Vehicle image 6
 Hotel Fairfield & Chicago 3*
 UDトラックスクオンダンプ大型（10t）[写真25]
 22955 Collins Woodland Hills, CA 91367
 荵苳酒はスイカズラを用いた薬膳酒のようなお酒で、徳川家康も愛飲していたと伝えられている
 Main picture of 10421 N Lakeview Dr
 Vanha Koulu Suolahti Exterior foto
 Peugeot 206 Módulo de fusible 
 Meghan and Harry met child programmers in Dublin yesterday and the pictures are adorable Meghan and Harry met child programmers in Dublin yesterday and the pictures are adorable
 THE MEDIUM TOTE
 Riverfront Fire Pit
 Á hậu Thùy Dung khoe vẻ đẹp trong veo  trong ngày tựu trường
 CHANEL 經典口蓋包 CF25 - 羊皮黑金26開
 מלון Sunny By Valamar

-- -- --

Print the line containing "UDトラックスクオンダンプ大型（10t）[写真25]" and every line after it to the end of the records above, exactly as written, and nothing else.

ANSWER AREA =>
 UDトラックスクオンダンプ大型（10t）[写真25]
 22955 Collins Woodland Hills, CA 91367
 荵苳酒はスイカズラを用いた薬膳酒のようなお酒で、徳川家康も愛飲していたと伝えられている
 Main picture of 10421 N Lakeview Dr
 Vanha Koulu Suolahti Exterior foto
 Peugeot 206 Módulo de fusible 
 Meghan and Harry met child programmers in Dublin yesterday and the pictures are adorable Meghan and Harry met child programmers in Dublin yesterday and the pictures are adorable
 THE MEDIUM TOTE
 Riverfront Fire Pit
 Á hậu Thùy Dung khoe vẻ đẹp trong veo  trong ngày tựu trường
 CHANEL 經典口蓋包 CF25 - 羊皮黑金26開
 מלון Sunny By Valamar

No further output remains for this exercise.